All genomes were then genotyped using the dcgMLST scheme by DTy again. Each allele in the dcgMLST was designated based on the MD5 hash value of its sequence, rather than an arbitrary sequential integer from a central database in the traditional cgMLST schemes. This allowed each genome to be characterized as a collection of up to 1149 MD5 hash values, which each represented a unique core gene allelic sequence. Similarly, the ST was also generated using the MD5 hash, based on a string consisting of MD5 hash values of the core genes. We then hierarchically grouped the allelic profiles of all genomes into multi-level clusters using pHierCC20 in its development mode and statistically evaluated the consistencies and cohesiveness of each cluster using the pHCCeval module in the pHierCC package.

Functional description of DTy

DTy is a generalized genotyping and clustering pipeline that consists of three modules: (1) Allele calling based on the distributed cgMLST scheme. The query genome (specified in --query) is compared with the reference alleles of the dcgMLST using both BLASTn and DIAMOND. The resulting allelic sequences are MD5-hashed into the 128-bit integers, which are used as allelic IDs. (2) The allelic profile of the query genome is compared with the allelic profiles of ~70,000 public genomes of Neisseria, and the closest neighbor with the minimum allelic difference was extracted. The HierCC assignments of the query genome are then updated based on the HierCC results of the closest neighbor. (3) Finally, species designation is predicted based on the mapping table between HC1050/HC1130 and Neisseria species.

Prediction of serogroups, MLST types, and ANI95% clusters

In silico serotyping of N. meningitidis was performed using meningotype. The 7-gene MLST typing and CC designation were performed using BLASTn based on allelic sequences and profiles hosted in PubMLST16. FastANI50 was employed to calculate the pairwise ANI of representative genomes, which were then grouped into single-linkage clusters with a threshold of 95%. The intra-species ANIs were calculated as ANIs between pairs of genomes within the same species. To estimate the inter-species ANI between neighboring species, we first calculated the average ANI value between each pair of species. Strains from two species that shared the greatest average ANI were then compared pairwisely using FastANI and the results were visualized as violin plots using ggplot2 package51.

Phylogenetic analysis

The maximum likelihood trees of the predominant HC760 groups were generated by the EToKi phylo module17, had the recombinant regions removed using RecHMM52, and visualized using GrapeTree13. The supertree was estimated using the cgMLSA package19. Briefly, cgMLSA built a gene tree for each core gene in the dcgMLST scheme. The gene trees were summarized together into a guide tree using ASTRID53 and the posterior distribution of quartets was estimated using ASTRAL-III54. The guide tree was then split into many smaller disjoint subsets, each had its supertree estimated using ASTRAL-III. Finally, the supertree was built by concatenating all disjoint trees together and the branch lengths were estimated using ERaBLE55.
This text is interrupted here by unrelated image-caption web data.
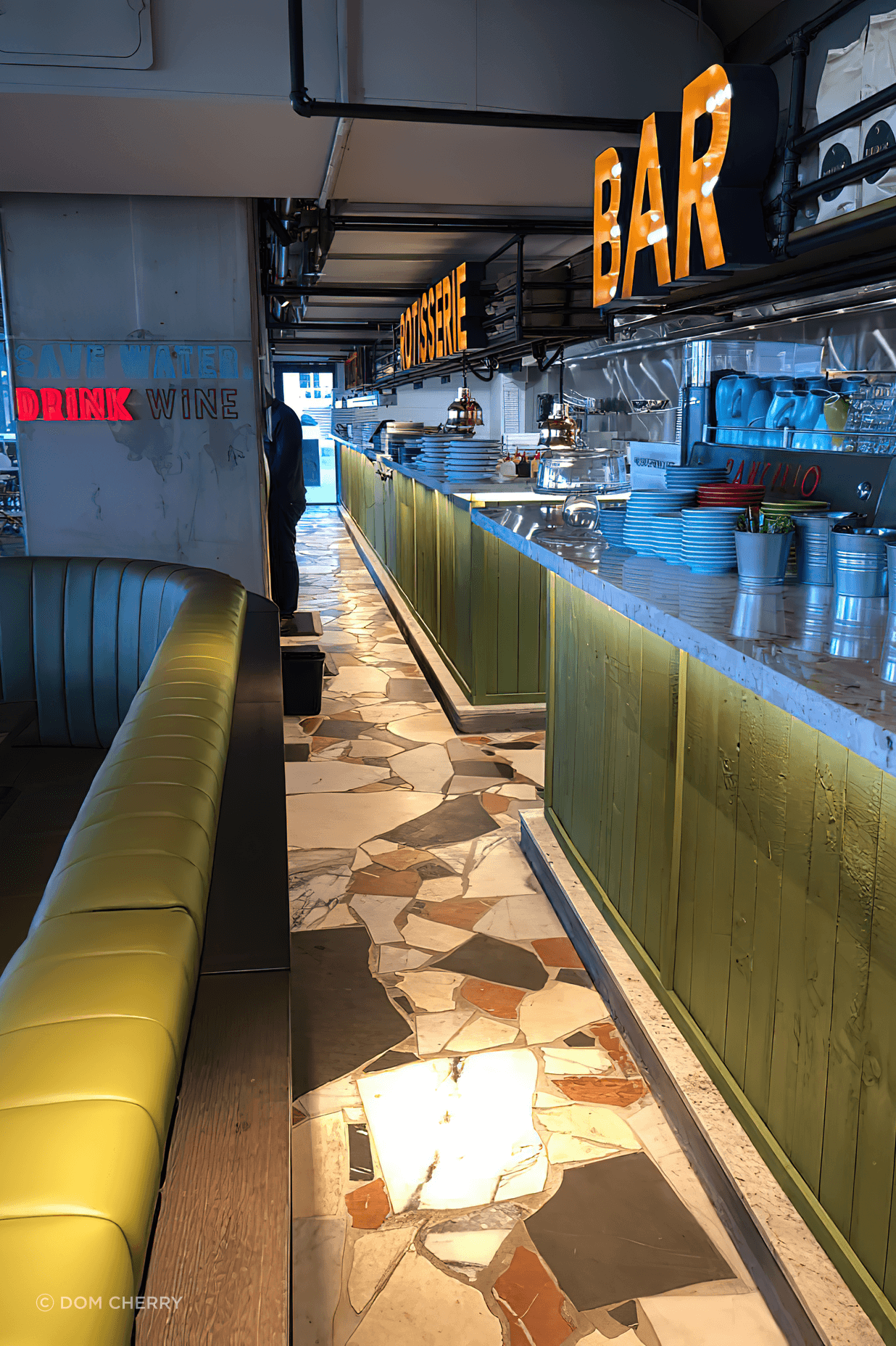 Butcher-The-Farmer-Meadowbank17-gigapixel-standard-scale-100x-gigapixel-standard-scale-400x-v2.png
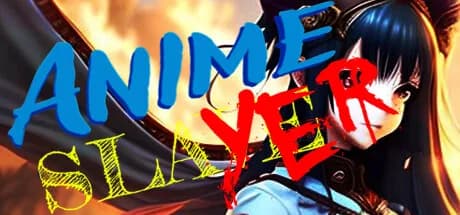 Anime Slayer görsel 1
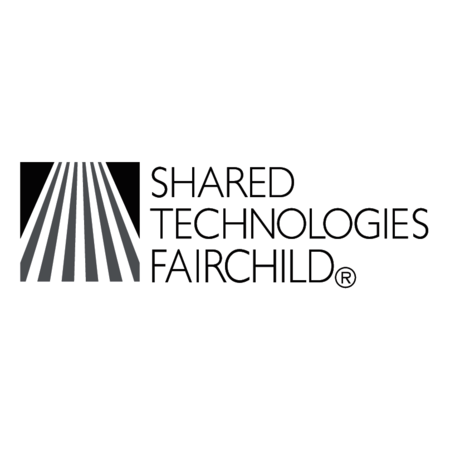 Shared Technologies Fairchild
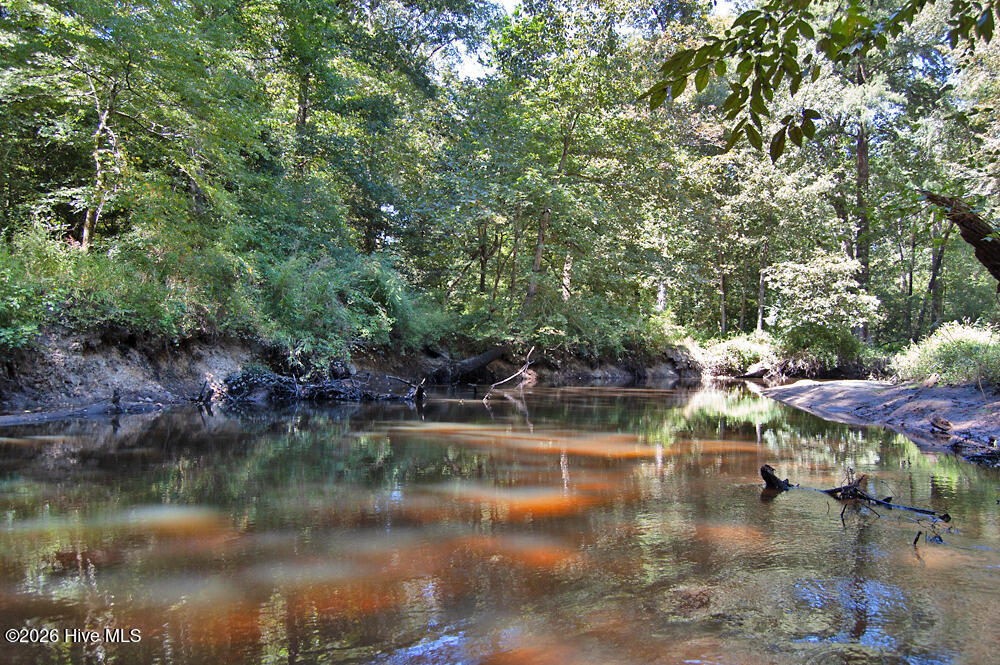 2 Nc Highway 33 Property Photo 23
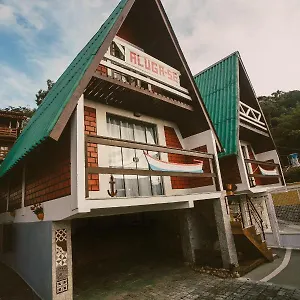 Chale Da Mole , Florianópolis Brasil
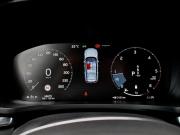 Volvo V60 II Краснодар  - изображение 39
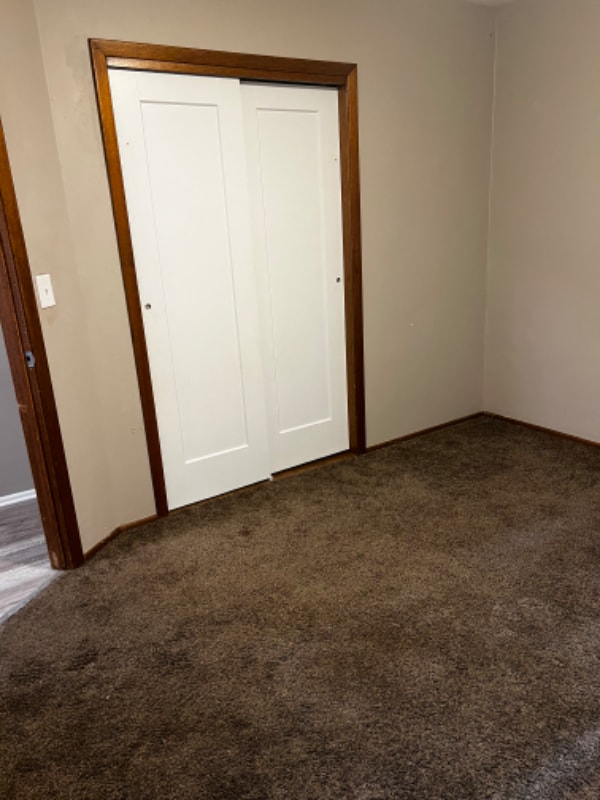 Building Photo - 3526 S Downtain St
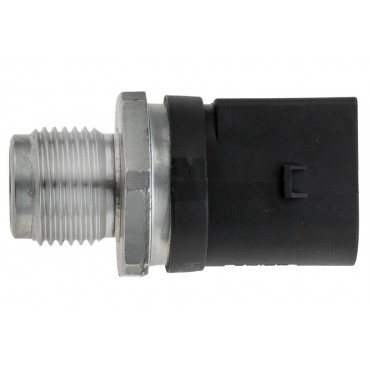 Capteur de Pression Carburant Pour Mercedes Classe A B C Smart Forfour 41536728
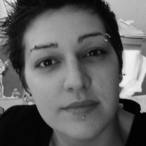 Fadilha - Arisdorf - Bâle-Campagne | Rencontre Mature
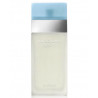 Dolce & Gabbana Light Blue Tester EDT
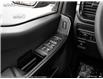 2025 Ford F-150 STX (Stk: 25F1810) in St. Catharines - Image 16 of 25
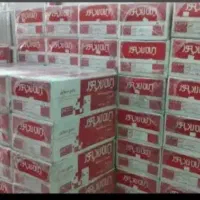 پکیج ۲۴هزار و۲۸هزار ایران رادیاتور قیمت مناسب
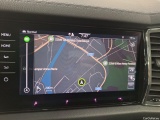  Skoda  Kodiaq Skoda,  FL'21, Skoda  2.0 CRTDI 110kW DSG7 Clever+ 5d #22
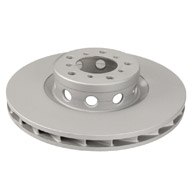 Zimmermann-Replacement-Brake-Rotor-34112229528-wp-tn.jpg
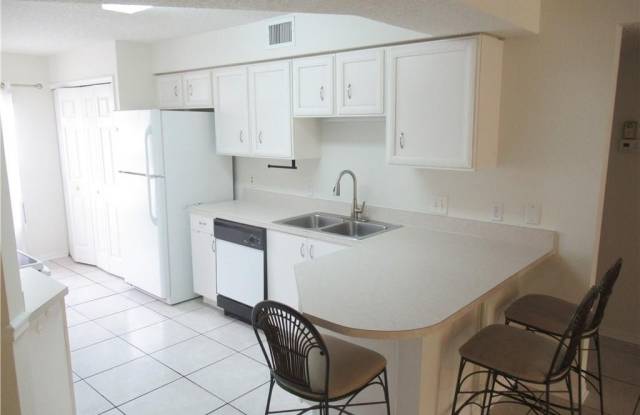 3951 Leeward Passage Ct lot: 101 Gallery 4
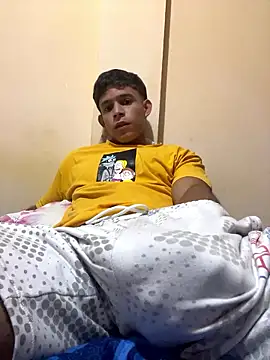 Snapshot of Michael_black01 chatting on January 12, 2026, 9:09 pm Michael black01 online show from January 12, 2026, 9:09 pm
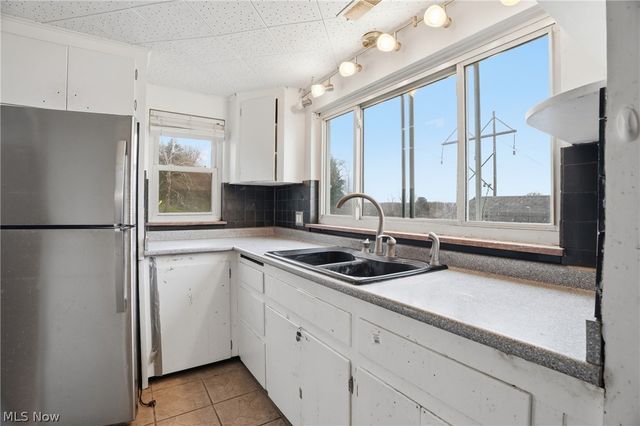 1506 21ST Street, Vienna, WV 26105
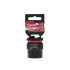 Īsais Tvardy CR-MO sešstūra triecienuzgalis 3/4″, 25 mm (6/48)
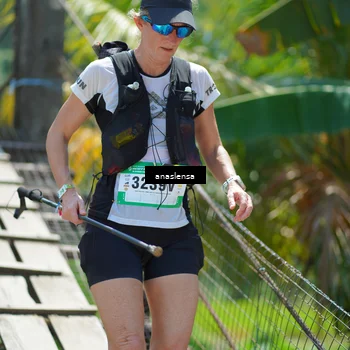 Runner Photo 5168407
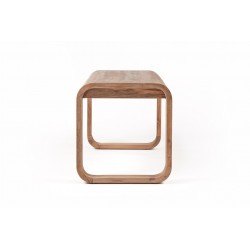 fi_2765_128146-face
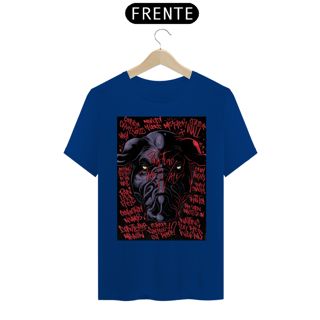 Nome do produto Pink Floyd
Bayesian inference of the epidemic HC lineages

The temporal origins of HC760_3, HC760_86, and HC760_4 lineages were estimated based on their maximum-likelihood trees using BactDating56. From the dataset, 499, 204, and 3975 genomes with clear collection times were selected for time origin analysis in each population, respectively. The phylodynamic inference of effective population size for time-scaled phylogenies was generated by skygrowth57. The geographic transmissions were estimated using TreeTime58. The temporal and spatial scale phylogenetic trees of the genomes were visualized using iTOL59.

Reporting summary

Further information on research design is available in the Nature Portfolio Reporting Summary linked to this article.